A wedding ring or wedding band consists of a precious metal ring, usually worn on the base of the left ring finger – the fourth finger (counting from the thumb) of the left hand. In some parts of the world, it is worn on the right ring finger (e.g. Bulgaria, Norway, Germany, Poland or Russia).
Such a ring symbolizes marriage: a spouse wears it to indicate a marital commitment to fidelity. The European custom of wearing such a ring has spread widely beyond Europe.
According to some customs, the wedding ring forms the last in a series of gifts, which also may include the engagement ring, traditionally given as a betrothal present.
Other more recent traditions, and the jewelry trade, seek to expand the idea of a series of ring-gifts with the promise ring, often given when serious courting begins, and the eternity ring, which symbolizes the renewal or ongoing nature of a lasting marriage, sometimes given after the birth of a first child; and a trilogy ring, usually displaying three brilliant-cut round diamonds each, in turn, representing the past, present and future of a relationship.
A European promise ring tradition encourages the engraving of the name of one’s intended spouse and the date of one’s intended marriage on the inside surface of wedding rings, thus strengthening the symbolism and sentimentality of the rings as they become family heirlooms.
In English tradition, the best man has a traditional duty of keeping track of a marrying couple’s wedding ring(s) and to produce them at the symbolic moment of the giving and receiving of the ring(s) during the traditional marriage ceremony.
In more elaborate weddings, a ring bearer (usually a young boy that is part of the family of the bride or groom) may assist in the ceremonial parading of the ring(s) into the ceremony, often on a special cushion or pillow(s).
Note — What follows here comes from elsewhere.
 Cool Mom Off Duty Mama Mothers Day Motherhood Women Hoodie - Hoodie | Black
In some European countries, the wedding ring is the same as the engagement ring and changes its status through engraving and the change of the hand on which to wear it. If the wedding ring is different from the engagement ring, the question whether or not the engagement ring should be worn during the ceremony leaves a few options. The bride may wear it on her left ring finger and have the groom put the wedding band over it. She may also wear it on her right ring finger. The bride may also continue wearing the rings on different hands after the wedding – this may prevent the engagement ring from scratching and scuffing. Another option is to have the main bridesmaid keep the ring during the ceremony – there are a variety ways to keep it: in a pouch, on a plate, etc. After the ceremony, the ring can be placed back on either the left or the right hand.
The choice of finger relates to traditions purportedly dating to classical times, from an early usage reportedly referring to the fourth finger of the left hand as containing the vena amoris or “vein of love”. At least in part due to this tradition, it became acceptable to wear the wedding ring on this finger. By wearing rings on the fourth finger of their left hands, a married couple symbolically declares their eternal love for each other. This has now become a matter of tradition and etiquette.
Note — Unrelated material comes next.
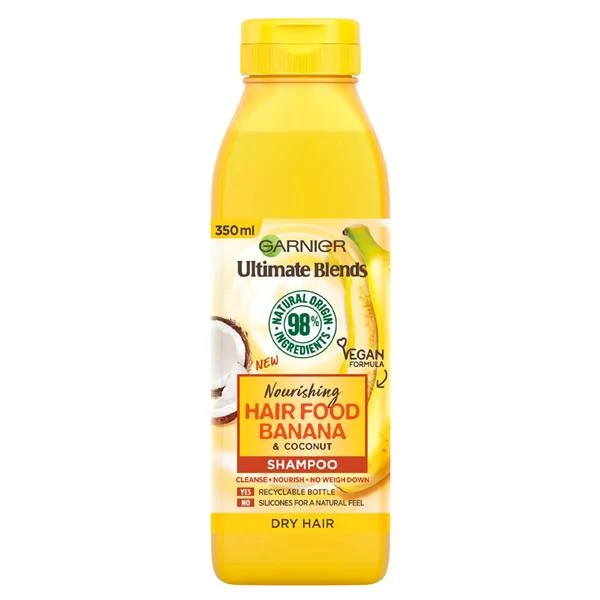 Garnier Shampoo Fructis Banana And Coconut Hair Food 350ML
In many Western cultures, the wedding ring is worn on the left hand. In some countries such as Germany, India, Venezuela and Chile, however, it is worn on the right hand. Also in Spain it is worn right, except by Catalan people (left). Orthodox Christians, Eastern Europeans and Jews also traditionally wear the wedding band on the right hand. In The Netherlands, Catholic people wear it left, all others right. But in Austria Catholic people wear it right. Greek people, many being Orthodox Christians, also wear the wedding rings on the right hand in keeping with Greek tradition. A traditional reason to wear the wedding ring on the right hand stems from Roman custom. The Latin word for left is “sinistra”, a word that evolved into the English “sinister”. The Latin word for right is “dexter”, a word that evolved into “dexterity”. Hence, the left hand had a negative connotation and the right a good one.
Etiquette frowns severely on the making of sexual overtures to a man or woman wearing a wedding ring.
Most religious marital ceremonies accept a band of any material to symbolize the taking of marriage vows, with unusual substitutions permitted in marriages under unusual circumstances. When people cannot obtain or adjust a metal ring of appropriate size, substitutions such as rubber bands may be used.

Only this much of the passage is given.